--- Exercise data ---
>>>>>
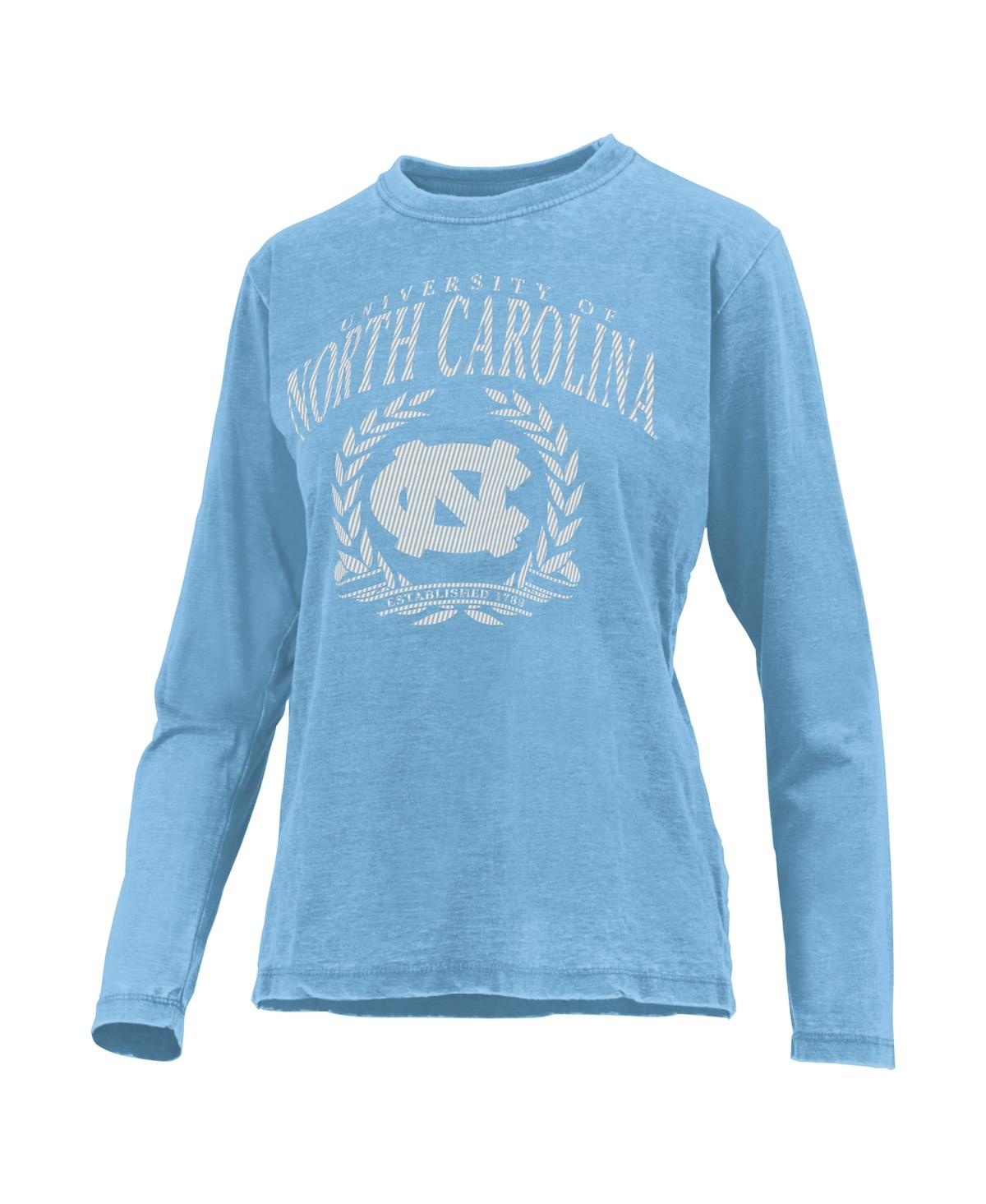 PRESSBOX WOMEN'S CAROLINA BLUE NORTH CAROLINA TAR HEELS CHANDLER OLIVE LEAF ARCH LONG SLEEVE T-SHIRT 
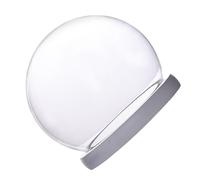 POPETPOP Cloche en Verre Borosilicaté 12 CM Socle Lumineux Blanc Couvercle Anti-Poussière pour Fleurs Éternelles Décoration Intérieure Bureau et Salon Accessoire Décoratif Élégant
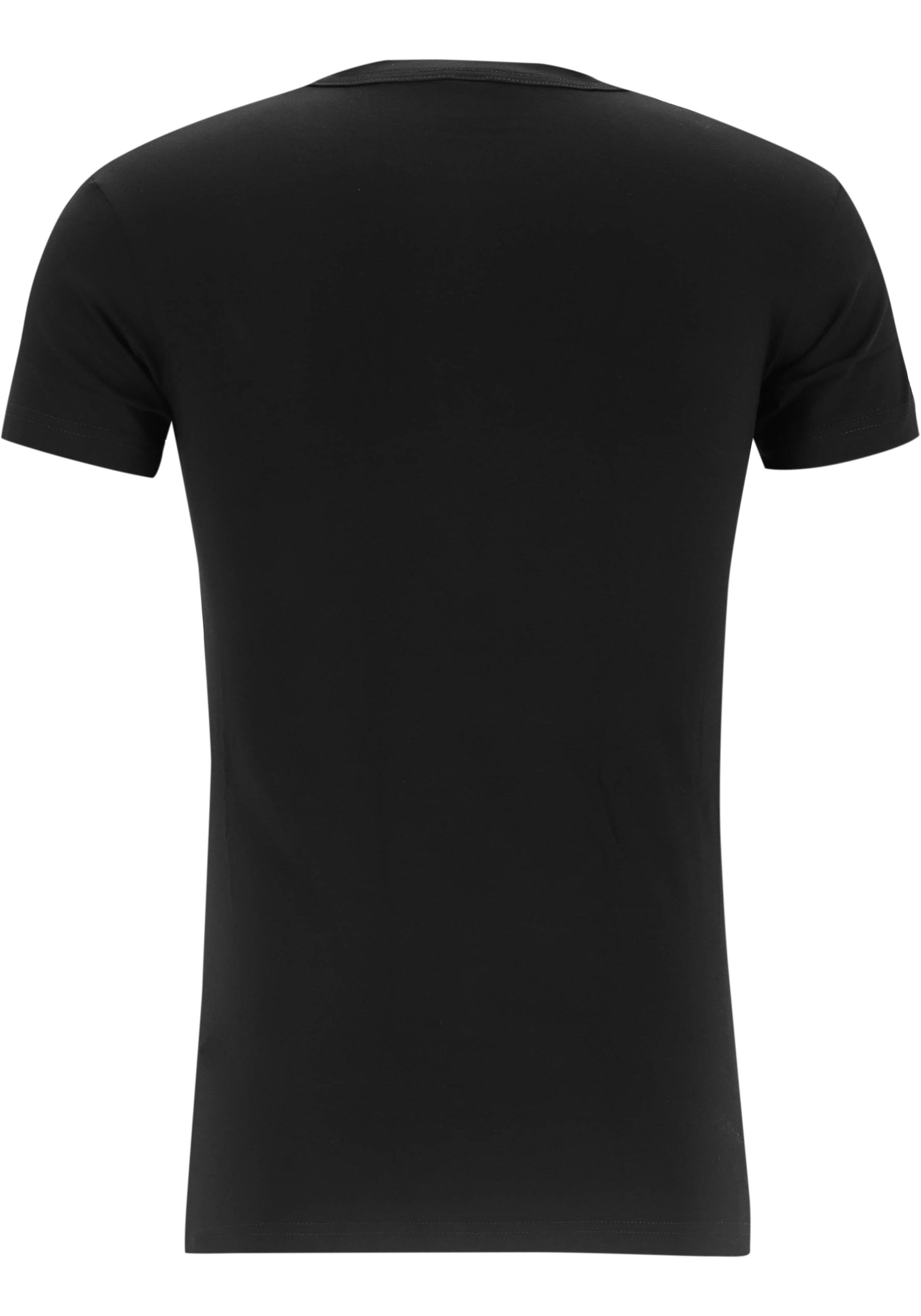 ALAN RED T-shirts OAKVILLE (2-pack), O-hals stretch, zwart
<<<<<
--- Requirement ---
The material should be duplicated word for word, with no images included.

--- Result for this exercise ---
 PRESSBOX WOMEN'S CAROLINA BLUE NORTH CAROLINA TAR HEELS CHANDLER OLIVE LEAF ARCH LONG SLEEVE T-SHIRT 
 POPETPOP Cloche en Verre Borosilicaté 12 CM Socle Lumineux Blanc Couvercle Anti-Poussière pour Fleurs Éternelles Décoration Intérieure Bureau et Salon Accessoire Décoratif Élégant
 ALAN RED T-shirts OAKVILLE (2-pack), O-hals stretch, zwart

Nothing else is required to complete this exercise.